Apache SeaTunnel

Posted on Jun 11

Demo: Full Data Synchronization from MySQL CDC to PostgreSQL with Apache SeaTunnel

#mysql #postgres #apacheseatunnel #datascience

This article provides a detailed walkthrough on using Apache SeaTunnel 2.3.9 to perform full data synchronization from MySQL CDC to PostgreSQL.

For the complete demonstration, please refer to the video:

Demo: Synchronizing Data from MySQL CDC to PostgreSQL with Apache SeaTunnel

Without further ado, let's dive into the MySQL-to-PostgreSQL synchronization scenario.

Version Requirements

MySQL → MySQL 8.3
PostgreSQL → PostgreSQL 13.2
Apache SeaTunnel → Apache SeaTunnel 2.3.9

All configuration files used in this article are available by replying with the keyword "Demo 01" on our WeChat official account.

Prerequisites

Verify Version Information

-- Check version information
SELECT VERSION();

Enable Replication

-- Check replication-related configurations
SHOW VARIABLES
WHERE variable_name IN (
'log_bin',
'binlog_format',
'binlog_row_image',
'gtid_mode',
'enforce_gtid_consistency'
);

MySQL CDC synchronization relies on reading MySQL binlog files. SeaTunnel cluster nodes act as replication replicas within the MySQL replication architecture.

Therefore, before configuring CDC synchronization, you must verify that:

Binary logging (binlog) is enabled.
Replication mode is enabled.

Note: For MySQL 8.0 and later versions, binlog is enabled by default. However, replication-related settings still need to be configured manually.

-- Enable replication (execute sequentially)
-- SET GLOBAL gtid_mode=OFF;
-- SET GLOBAL enforce_gtid_consistency=OFF;

SET GLOBAL gtid_mode=OFF_PERMISSIVE;
SET GLOBAL gtid_mode=ON_PERMISSIVE;
SET GLOBAL enforce_gtid_consistency=ON;
SET GLOBAL gtid_mode=ON;

Configure User Permissions

The CDC user must have replication privileges.

The two essential permissions are:

REPLICATION SLAVE
REPLICATION CLIENT

After granting permissions, refresh privileges.

CREATE USER 'test'@'%' IDENTIFIED BY 'password';

GRANT SELECT,
RELOAD,
SHOW DATABASES,
REPLICATION SLAVE,
REPLICATION CLIENT
ON *.*
TO 'test';

FLUSH PRIVILEGES;

SeaTunnel Cluster Configuration

Cluster Logging

Independent Log Files for Each Job

Configuration file:

log4j2.properties

By default, SeaTunnel outputs logs into a centralized log file.

However, in production environments, job management is typically performed on a per-job basis.

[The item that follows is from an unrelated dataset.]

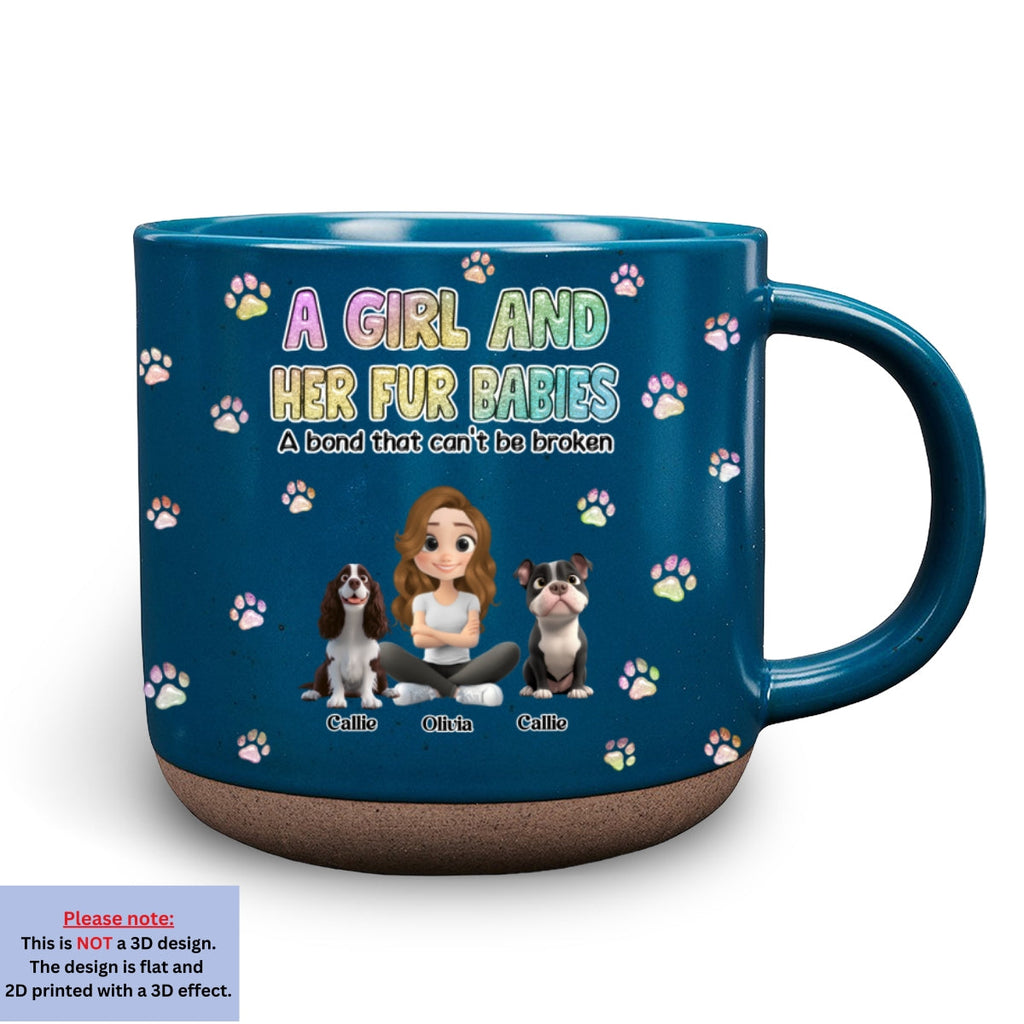 Custom Christmas Birthday Gifts For Pet Mom, Pet Lovers • A Girl And Her Fur Babies - Personalized Pottery Mug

Therefore, it is recommended to configure independent log files for each job.

This approach provides several advantages:

Easier monitoring
Faster troubleshooting
Better operational visibility
More efficient job-level management

Modify the configuration as follows:

############################ log output to file #############################
# rootLogger.appenderRef.file.ref = fileAppender

# Output logs into independent files for each job
rootLogger.appenderRef.file.ref = routingAppender

############################ log output to file #############################

Client Configuration

In production environments, SeaTunnel is typically installed under the /opt directory.

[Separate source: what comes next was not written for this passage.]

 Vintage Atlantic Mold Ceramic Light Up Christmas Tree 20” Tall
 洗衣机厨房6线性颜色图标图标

It is recommended to point SEATUNNEL_HOME to:

/opt/seatunnel

If multiple versions are installed or the installation path differs, it is recommended to create a symbolic link so that client and server environments remain consistent.

This helps avoid classpath-related issues and missing dependency errors.

SeaTunnel's submission scripts reference client-side environment variables, including classpaths and installation directories, using absolute paths.

If client and server configurations differ, job submission may fail.

# Create symbolic link
ln -s /opt/apache-seatunnel-2.3.9 /opt/seatunnel

# Configure environment variable
export SEATUNNEL_HOME=/opt/seatunnel

Environment Variable Configuration

For Linux servers, it is recommended to configure environment variables using the official approach by placing them under:

/etc/profile.d

Example:

echo 'export SEATUNNEL_HOME=/opt/seatunnel' >> /etc/profile.d/seatunnel.sh

echo 'export PATH=$SEATUNNEL_HOME/bin:$PATH' >> /etc/profile.d/seatunnel.sh

source /etc/profile.d/seatunnel.sh

Job Configuration

The following examples do not cover every available option. Instead, they focus on commonly used production configurations.

env {
  job.mode = "STREAMING"
  job.name = "DEMO"
  parallelism = 3

  checkpoint.interval = 30000
  checkpoint.timeout = 30000

  job.retry.times = 3
  job.retry.interval.seconds = 3
}

Let's start with the env section.

Because CDC synchronization is a streaming workload, the job mode must be configured as:

STREAMING

Next, configure the job name.

In production environments, it is recommended to use meaningful naming conventions based on database names or table names. This makes job identification and management much easier.

Parallelism

The example uses:

parallelism = 3

The optimal parallelism value depends on:

Cluster size
Available resources
Database performance characteristics

Checkpoints

The checkpoint interval is configured as:

30 seconds

If lower recovery latency is required, the interval can be reduced to 10 seconds or even lower.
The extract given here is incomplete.